1024x256_goldblue Schachter Eye on Energy

Each week Josef Schachter will give you his insights into global events, price forecasts and the fundamentals of the energy sector. Josef offers a twice monthly Black Gold newsletter covering the general energy market and 27 energy and energy service companies with regular updates. He holds quarterly subscriber webinars and provides Action BUY and SELL Alerts for paid subscribers.

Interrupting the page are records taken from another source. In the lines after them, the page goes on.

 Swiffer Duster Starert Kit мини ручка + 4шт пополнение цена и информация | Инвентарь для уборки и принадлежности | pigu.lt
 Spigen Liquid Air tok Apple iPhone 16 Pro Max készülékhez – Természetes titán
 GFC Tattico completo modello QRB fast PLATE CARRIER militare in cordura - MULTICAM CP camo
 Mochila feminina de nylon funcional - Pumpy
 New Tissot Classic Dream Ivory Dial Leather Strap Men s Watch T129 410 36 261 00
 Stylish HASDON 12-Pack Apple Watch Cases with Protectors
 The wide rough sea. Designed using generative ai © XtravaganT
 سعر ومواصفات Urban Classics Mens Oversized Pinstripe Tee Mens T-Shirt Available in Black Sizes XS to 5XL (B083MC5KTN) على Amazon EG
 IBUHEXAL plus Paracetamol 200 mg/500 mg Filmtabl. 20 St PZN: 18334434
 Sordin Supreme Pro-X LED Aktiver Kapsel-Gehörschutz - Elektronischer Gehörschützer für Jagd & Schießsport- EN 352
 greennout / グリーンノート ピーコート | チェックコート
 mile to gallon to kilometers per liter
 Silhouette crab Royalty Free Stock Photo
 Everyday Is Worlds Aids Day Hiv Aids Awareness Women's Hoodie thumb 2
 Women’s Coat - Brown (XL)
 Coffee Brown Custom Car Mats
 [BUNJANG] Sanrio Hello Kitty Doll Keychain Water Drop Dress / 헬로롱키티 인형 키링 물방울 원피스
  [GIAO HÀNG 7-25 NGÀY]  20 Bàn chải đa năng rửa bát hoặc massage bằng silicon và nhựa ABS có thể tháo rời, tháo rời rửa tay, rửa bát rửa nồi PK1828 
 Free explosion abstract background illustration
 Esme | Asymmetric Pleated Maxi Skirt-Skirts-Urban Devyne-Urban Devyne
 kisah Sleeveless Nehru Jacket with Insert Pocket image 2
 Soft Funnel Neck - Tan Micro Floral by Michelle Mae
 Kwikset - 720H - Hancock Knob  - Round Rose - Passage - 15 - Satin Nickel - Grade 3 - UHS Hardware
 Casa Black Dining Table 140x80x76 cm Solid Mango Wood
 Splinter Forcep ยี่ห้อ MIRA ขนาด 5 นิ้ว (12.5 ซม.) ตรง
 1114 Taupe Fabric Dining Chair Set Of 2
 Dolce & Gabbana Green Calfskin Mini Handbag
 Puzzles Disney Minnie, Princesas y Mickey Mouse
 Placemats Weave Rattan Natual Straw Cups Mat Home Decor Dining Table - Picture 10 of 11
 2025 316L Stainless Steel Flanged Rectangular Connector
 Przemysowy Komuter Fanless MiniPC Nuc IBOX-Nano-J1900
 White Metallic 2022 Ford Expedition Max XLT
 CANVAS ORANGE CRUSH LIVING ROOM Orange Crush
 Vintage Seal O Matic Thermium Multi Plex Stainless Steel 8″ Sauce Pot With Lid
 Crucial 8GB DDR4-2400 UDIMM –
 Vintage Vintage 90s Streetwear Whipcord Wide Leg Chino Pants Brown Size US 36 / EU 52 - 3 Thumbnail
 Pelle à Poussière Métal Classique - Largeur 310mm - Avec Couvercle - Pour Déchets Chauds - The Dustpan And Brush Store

Learn more

OPEC Supply Meeting: The two day (Jan 4-5) virtual OPEC+ meeting derailed as the Saudi’s wanted at first to have no increase in February quotas as they worried about the economic impact of more OECD lockdowns due to the new Covid mutations. The rest of OPEC wanted a second monthly 500,000 b/d increase as they looked at the demand growth in China and India. This disarray in OPEC is a weakness as last seen in February when the Saudis and Russia fought a market share war just as the pandemic got underway. In the end OPEC+ granted Russia and Kazakhstan an increase of 75,000 b/d together in each of February and March. The Saudis then unilaterally cut 1.0Mb/d for February and March to help hold back an expected increase in worldwide crude oil storage levels during Q1/21. Oil prices spiked on this surprise offer with WTI rising over US$50/b. We had been expecting a move up into the US$48-52/b level so this jump gets us into this peaking range. We see this price spike taking crude prices into the high part of the range for Q1/21. The problem we see is that some OPEC members, with and without quotas, will increase their volumes anyways as they are desperate for funds to sustain their collapsing economies. Libya, Iran, Iraq and Venezuela have been finding ways to move more oil, (some clandestinely, like Iran and Venezuela). The failure of OPEC to reach a consensus means more disruption and cheating is likely. As long as prices stay firm then cheating makes sense.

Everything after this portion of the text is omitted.